Tag Archives: nami

Kinkai wakashū 593

When I had gone out to view Mount Hakone, there were islets with waves breaking over them. When I asked my companions if they knew the name of the sea there, and the answer came back that it was the Izu sea.

はこねぢをわがこえくれば伊豆の海やおきのこじまに浪のよるみゆ

hakoneji o
wa ga koekureba
izu no umi ya
oki no kojima ni
nami no yoru miyu
When Hakone’s trails
I have passed across,
The sea at Izu, filled
With islets in the offing’s
Breaking waves, I see.

593

Kinkai wakashū 591

There is a river called the Sagami River. I composed this to say I would board a boat and cross it after the moon had risen.[i]

ゆふづくよさすや川せのみなれ棹なれてもうとき浪のおとかな

yūzukuyo
sasu ya kawase no
minarezao
narete mo utoki
nami no oto kana
On a moonlit night,
The beams strike the river rapids—
The well-worn pole to the water
May be accustomed, yet troublesome is
The sound of waves![ii]

591


[i] This river would have been familiar to Sanetomo, as it flows into the sea some twenty kilometres to the west of Kamakura, where the shogunate was headquartered. Based on the poem, the boat would have been a ferry, punted, rather than sailed across it.

[ii] See: Topic unknown. ゆふづく夜さすやをかべの松のはのいつともわかぬこひもするかな yūzukuyo / sasu ya okabe no / matsu no ha no / itsu to mo wakanu / koi mo suru kana ‘On a moonlit night / The beams strike the hillside / Through the pine needles / All year round, / As constant is my longing.’ Anonymous (Kokinshū XI: 490)

Eien narabō uta’awase 34

Round Six

Left (Win)

うれしさはおほつのはまにたつなみのかずもしられぬきみがみよかな

ureshisa wa
ōtsu no hama ni
tatsu nami no
kazu mo shirarenu
kimi ga miyo kana
My joy is
Great, as upon Ōtsu Beach
Break waves
In numbers quite unknown,
Such is my Lord’s reign most fair!

Cell of Fragrant Cloud
67

Right

かすがやまみねのしらがしよろづよをきみにといへばかみもいさめず

kasugayama
mine no shiragashi
yorozuyo o
kimi ni to ieba
kami mo isamezu
Kasuga Mountain has
White-barked evergreen oaks upon its peak:
‘Ten thousand generations
For my Lord!’—should I say that,
The God will surely not refuse!

Cell of Compassionate Light
68

The poem of the Left’s ‘Great, as upon Ōtsu Beach’ and what follows is something that sounds grievously prosaic.
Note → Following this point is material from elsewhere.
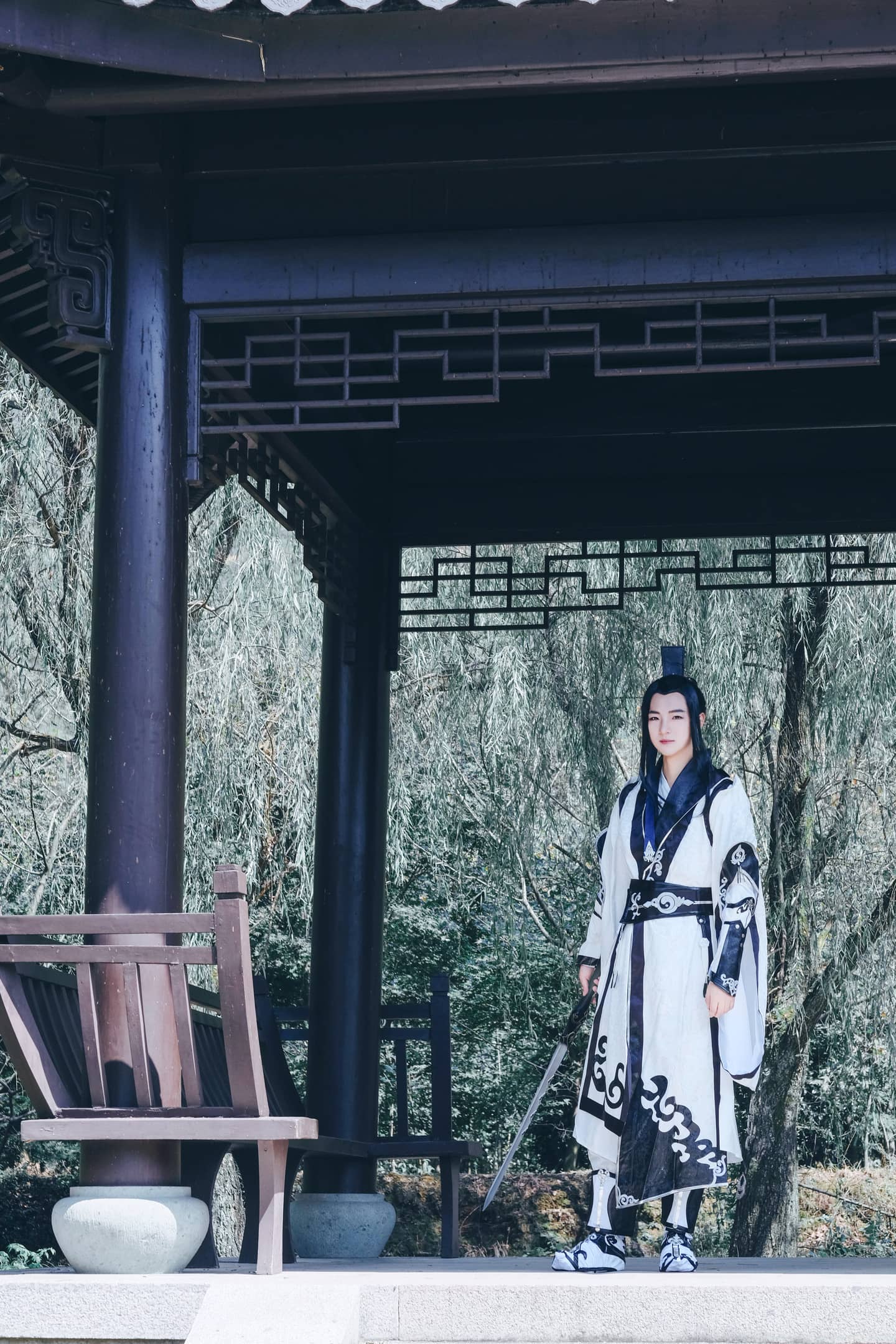 剑网三纯阳cosplay-萌图百科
With that said, there are many parts of the poem which are not. What is the poem of the Right’s ‘White-barked evergreen oaks on its peak / Ten thousand generations’ linked with in the remainder of the poem? I wonder what it’s composed about… The Left doesn’t contain any errors, so I still say it wins.
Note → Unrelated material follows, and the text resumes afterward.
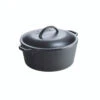Lodge L8DOL3 Cast Iron Dutch Oven 10 In.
The Left’s poem, as I have said in an earlier round, appears to lack smoothness. Is the poem of the Right’s ‘white-barked evergreen oaks’ a long-standing expression? I can’t seem to recall a prior precedent. ‘The God will surely not refuse’ is vague, too. Is it asking the deity’s favour for the speaker? While I am somewhat hesitant, given my appallingly constricted knowledge, I will, fearfully, say that this is inferior.

Naidaijin-ke uta’awase 31

Round Seven

Left

恋せじとおもひなるせによる浪のかへりてそれもくるしかりけり

koiseji to
omoinaru se ni
yoru nami no
kaerite sore mo
kurushikarikeri
I’ll love you no more,
Did I come to think, the crash of
Breaking waves
Returning, but that, too
Has brought me pain.

Lord Kanemasa
61

Right (Both Judges – Win)

玉藻かる忍ぶの浦の蜑だにもいとかく袖はぬるるものかは

tamamo karu
shinobu no ura no
ama dani mo
ito kaku sode wa
nururu mono ka wa
Reaping gemweed
On Shinobu shore,
Do even the fisherfolk
Have sleeves so very
Drenched, indeed?

Lord Masamitsu
62

Toshiyori states: both of these are charming, however, a line from a famous poem is used for as the initial section, and in such cases the new poem should not closely evoke the source. Someone once said something similar, a long time ago. It’s a bit inferior, isn’t it.

Mototoshi states: neither of these contain any errors, yet the section following the central ‘crash of / Breaking waves’ seems intermittently painful, with sleeves damper than those of the fisherfolk on Shinobu shore. It seems a bit better at present.